# Work item:
Without any of the pictures, transcribe all the lines below exactly.

# Supplied information:

──────────

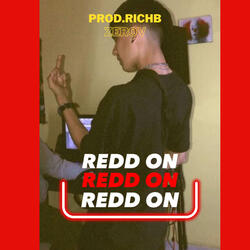 Redd On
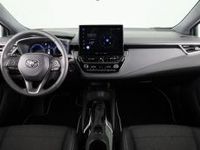 tweedehands Toyota Corolla Touring Sports 1.8 Hybrid First Edition *NIEUW*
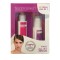 Tecnoskin Promo Total Beauty Face Cream SPF30 Medium 50ml & ΔΩΡΟ Antioxidant Sensitive Cleansing Gel 100ml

──────────

# Expected answer:
 Redd On
 tweedehands Toyota Corolla Touring Sports 1.8 Hybrid First Edition *NIEUW*
 Tecnoskin Promo Total Beauty Face Cream SPF30 Medium 50ml & ΔΩΡΟ Antioxidant Sensitive Cleansing Gel 100ml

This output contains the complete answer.